After fitting and visualizing all of the different models, we will evaluate their performance using the Rsq, which is utilized to calculate the right variance in our TotalEarnings. We know that having a larger rsq is better for the data, thus as the rsq approaches one, we can say that the given model prediction will be more accurate than those with lower values.

In this rsq graph, we can see that lm_median_imput_model has the highest R-squared value, indicating that median imputation in linear regression is the most efficient technique to handle the dataset. It established that there would be consistent and steady performance across the cross validation fold.

If we were to use a nonlinear model for the data, the knn_median_imput_knn10 model could be a plausible option, although with slightly worse overall predictive performance.

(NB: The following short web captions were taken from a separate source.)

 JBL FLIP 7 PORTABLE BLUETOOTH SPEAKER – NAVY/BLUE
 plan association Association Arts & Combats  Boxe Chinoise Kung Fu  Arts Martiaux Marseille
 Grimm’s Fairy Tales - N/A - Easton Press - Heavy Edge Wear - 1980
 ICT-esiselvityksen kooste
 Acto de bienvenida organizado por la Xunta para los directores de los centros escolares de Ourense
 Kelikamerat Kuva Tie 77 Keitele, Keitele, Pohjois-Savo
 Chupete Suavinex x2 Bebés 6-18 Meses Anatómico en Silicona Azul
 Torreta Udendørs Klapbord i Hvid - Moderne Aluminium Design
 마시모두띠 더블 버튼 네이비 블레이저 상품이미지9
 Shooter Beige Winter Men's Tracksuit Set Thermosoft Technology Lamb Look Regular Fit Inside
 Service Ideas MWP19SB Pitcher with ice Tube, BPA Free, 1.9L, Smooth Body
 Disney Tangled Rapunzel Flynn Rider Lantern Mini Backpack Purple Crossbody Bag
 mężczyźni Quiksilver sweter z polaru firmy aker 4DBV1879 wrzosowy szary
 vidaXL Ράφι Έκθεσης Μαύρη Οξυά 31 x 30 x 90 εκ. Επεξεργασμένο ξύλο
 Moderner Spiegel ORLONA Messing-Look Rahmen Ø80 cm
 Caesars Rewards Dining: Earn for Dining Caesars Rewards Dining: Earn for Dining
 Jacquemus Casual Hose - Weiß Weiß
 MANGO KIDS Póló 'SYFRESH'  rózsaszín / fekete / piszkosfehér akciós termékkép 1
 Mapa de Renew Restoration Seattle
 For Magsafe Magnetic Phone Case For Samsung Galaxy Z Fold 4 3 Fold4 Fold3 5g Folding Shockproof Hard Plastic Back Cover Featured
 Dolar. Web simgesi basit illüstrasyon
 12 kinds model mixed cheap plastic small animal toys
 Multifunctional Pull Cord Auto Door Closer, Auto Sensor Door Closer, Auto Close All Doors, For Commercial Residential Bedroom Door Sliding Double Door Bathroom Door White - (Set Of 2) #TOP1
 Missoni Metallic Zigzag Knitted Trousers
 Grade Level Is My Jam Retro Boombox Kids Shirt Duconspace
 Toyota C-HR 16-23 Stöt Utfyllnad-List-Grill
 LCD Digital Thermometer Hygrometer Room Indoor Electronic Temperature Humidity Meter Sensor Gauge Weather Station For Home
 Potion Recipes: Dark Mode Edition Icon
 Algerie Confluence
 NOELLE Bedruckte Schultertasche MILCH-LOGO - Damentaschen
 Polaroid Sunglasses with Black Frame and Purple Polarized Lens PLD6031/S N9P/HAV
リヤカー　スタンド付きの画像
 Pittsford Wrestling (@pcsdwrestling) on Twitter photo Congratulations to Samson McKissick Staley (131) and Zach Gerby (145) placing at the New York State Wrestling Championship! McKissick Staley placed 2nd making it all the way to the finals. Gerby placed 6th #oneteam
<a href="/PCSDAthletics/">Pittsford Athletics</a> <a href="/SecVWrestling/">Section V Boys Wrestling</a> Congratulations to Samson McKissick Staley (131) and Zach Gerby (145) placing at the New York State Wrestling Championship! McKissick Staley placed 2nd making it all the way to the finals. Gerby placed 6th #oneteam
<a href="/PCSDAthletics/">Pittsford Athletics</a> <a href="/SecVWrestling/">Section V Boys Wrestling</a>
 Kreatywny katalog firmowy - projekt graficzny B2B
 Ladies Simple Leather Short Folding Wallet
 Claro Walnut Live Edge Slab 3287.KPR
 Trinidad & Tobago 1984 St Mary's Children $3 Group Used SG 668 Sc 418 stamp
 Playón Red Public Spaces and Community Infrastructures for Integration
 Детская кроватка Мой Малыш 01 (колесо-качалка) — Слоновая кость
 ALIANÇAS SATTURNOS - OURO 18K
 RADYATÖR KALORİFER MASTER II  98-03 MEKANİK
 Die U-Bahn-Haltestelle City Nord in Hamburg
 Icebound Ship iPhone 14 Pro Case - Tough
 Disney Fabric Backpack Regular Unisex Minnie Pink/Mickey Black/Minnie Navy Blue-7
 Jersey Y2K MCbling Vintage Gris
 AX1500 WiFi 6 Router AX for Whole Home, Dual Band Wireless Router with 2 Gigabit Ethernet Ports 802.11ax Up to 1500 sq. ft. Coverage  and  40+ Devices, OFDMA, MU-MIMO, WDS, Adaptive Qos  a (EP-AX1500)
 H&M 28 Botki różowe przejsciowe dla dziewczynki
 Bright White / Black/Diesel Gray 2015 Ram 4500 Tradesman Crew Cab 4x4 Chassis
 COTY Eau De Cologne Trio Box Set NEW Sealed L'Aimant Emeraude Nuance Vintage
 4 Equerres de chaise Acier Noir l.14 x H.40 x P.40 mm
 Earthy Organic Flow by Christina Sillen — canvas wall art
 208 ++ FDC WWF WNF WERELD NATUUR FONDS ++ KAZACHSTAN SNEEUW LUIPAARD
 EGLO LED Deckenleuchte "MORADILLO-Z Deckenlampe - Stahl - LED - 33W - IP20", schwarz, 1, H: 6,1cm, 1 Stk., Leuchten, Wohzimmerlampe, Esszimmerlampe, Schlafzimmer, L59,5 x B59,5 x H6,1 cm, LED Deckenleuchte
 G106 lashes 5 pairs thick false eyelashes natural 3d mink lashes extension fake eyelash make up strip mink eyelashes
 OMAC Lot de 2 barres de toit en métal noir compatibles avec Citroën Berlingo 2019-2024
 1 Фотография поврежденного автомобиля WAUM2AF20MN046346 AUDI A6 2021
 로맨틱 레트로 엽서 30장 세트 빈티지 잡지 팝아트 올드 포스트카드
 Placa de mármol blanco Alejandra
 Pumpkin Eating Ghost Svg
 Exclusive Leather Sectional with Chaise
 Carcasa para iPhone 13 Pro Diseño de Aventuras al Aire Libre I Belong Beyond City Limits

Creating an acceptable graph for the rsq table was too tough because the labels were imposed on each other, so I turned to artificial intelligence to produce a better depiction for the many Root Squared models.

autoplot(all_fits, metric = "rsq") + 
  geom_label_repel(aes(label = wflow_id),
                   box.padding = 0.6,  
                   point.padding = 0.5,  
                   max.overlaps = Inf,  
                   hjust = 1, vjust = 1,  
                   nudge_y = -0.7,  
                   direction = "y",  
                   segment.color = "grey50") +  
  theme_minimal() + 
  labs(title = "Model Performance (R-squared)", 
       x = "Workflow Rank", 
       y = "R-squared (rsq)") +
  scale_y_continuous(expand = expansion(mult = c(0.05, 0.05))) +  # Ensure y-axis values appear properly
  theme(
    legend.position = "bottom",
    axis.text.y = element_text(size = 12, color = "black")  # Improve y-axis text visibility
  )

We can conclude that the lm_mean_imput_model is better suited to predicting our data. As a result, we are finally going to use this model to test data to determine whether our given data is accurate, or we will have to start over.

best_workflow <- workflow() |>
  add_recipe(lm_recipe1) |>
  add_model(lm_model)

best_fit <- best_workflow |>
  fit(data = train_data)

predictions <- predict(best_fit, new_data = test_data)

results <- test_data |>
  bind_cols(predictions)

metrics <- metric_set(rmse, rsq)
error_metrics <- results |>
  metrics(truth = TotalEarnings, estimate = .pred)

error_metrics

# A tibble: 2 × 3
  .metric .estimator   .estimate
  <chr>   <chr>            <dbl>
1 rmse    standard   2915256.   
2 rsq     standard         0.989

We can see that the rsq is 0.989 and the rmsq is $2.9 million. These results show that our model has very excellent predictive performance. Here, the 0.989 shows that our model explains a substantial fraction of the variance in total esports earnings, and the rmse of 2.9M reflects that our model predicted the average deviation of $2.9M in the test, which is a good assessment considering the scale of earning in the esports.

5. Conclusion

This investigation shows that machine learning models can reliably anticipate esports earnings, with our top model accounting for 98.9% of the variance in data. Linear regression models consistently outperformed KNN models, demonstrating that the relationship between predictors and earnings is predominantly linear. In this dataset, we can see that tournament quantity, player base size, genre, and release timing are the most important determinants of esports revenue. Along with that, the MOBA, FPS, and Battle Royale genres dominate the revenue scene, which has a significant impact on the games’ earnings. Finally, the strong performance of our linear model suggests that the esports industry has formed a predictable income output pattern that can be projected.